Not so for Ride 2 Recovery, a national non-profit that uses cycling to heal war veterans’ physical and emotional wounds. On Aug. 9, the group received a $10,000 donation from NRECA to support the group’s programs, which include adapting bikes for injured veterans and staging multi-day cycling events.
Retired four-star Gen. George W. Casey Jr., a former U.S. Army Chief of Staff, accepted the donation on the group’s behalf at NRECA’s Benefits Update Conference at the Omni Shoreham Hotel in Washington, D.C.
A board member of Ride 2 Recovery who’s ridden in many cycling events, Casey told the gathering of co-op benefits administrators about hearing “stories of commitment and courage” from wounded vets riding alongside him.
Casey recalled pedaling a mountainous stretch of the 9/11 Challenge, a five-day 530-mile event commemorating the 10th anniversary of the attacks. “It was 42 degrees and raining. We’re about halfway up this mountain. I’m suffering… then I heard this person coming up behind me. As he passes me, he says, ‘Come on, general. You can do it.’”
The rider was a young Army veteran who had lost his leg in Afghanistan.
“He passed me after what he’s been through,” Casey told the group. “I said, ‘Stop whining, general.
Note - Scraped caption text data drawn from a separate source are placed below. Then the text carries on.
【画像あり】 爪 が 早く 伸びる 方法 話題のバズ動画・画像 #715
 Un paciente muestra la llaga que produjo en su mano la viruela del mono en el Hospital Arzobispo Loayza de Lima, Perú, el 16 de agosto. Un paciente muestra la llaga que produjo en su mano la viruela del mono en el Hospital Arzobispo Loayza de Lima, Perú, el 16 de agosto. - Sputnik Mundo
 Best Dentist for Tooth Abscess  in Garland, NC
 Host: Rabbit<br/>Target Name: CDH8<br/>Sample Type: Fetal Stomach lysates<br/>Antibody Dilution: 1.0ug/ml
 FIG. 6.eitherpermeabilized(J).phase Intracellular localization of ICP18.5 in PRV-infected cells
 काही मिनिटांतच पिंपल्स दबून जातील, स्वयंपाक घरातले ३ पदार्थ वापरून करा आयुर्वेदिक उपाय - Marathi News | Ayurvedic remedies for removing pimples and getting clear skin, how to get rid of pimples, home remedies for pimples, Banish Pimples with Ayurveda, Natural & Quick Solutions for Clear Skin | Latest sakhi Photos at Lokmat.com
Get your butt up the hill.’ And I did it.”
The $10,000 donation is the first time NRECA has directly supported Ride 2 Recovery, said Peter Baxter, NRECA senior vice president of insurance and financial services.
A cyclist himself who met Casey at a recent R2R event, Baxter said later this year he will “explore ways that NRECA and Co-op Nation can further participate and benefit from this great program” for co-op employees and vets returning to co-op communities.
Baxter described his 40-plus mile ride in Virginia “as an incredibly rewarding experience from which I have received some real inspiration to push myself harder and further than I thought I could. The veterans in this program are doing that every day, and they should be an example for all of us.”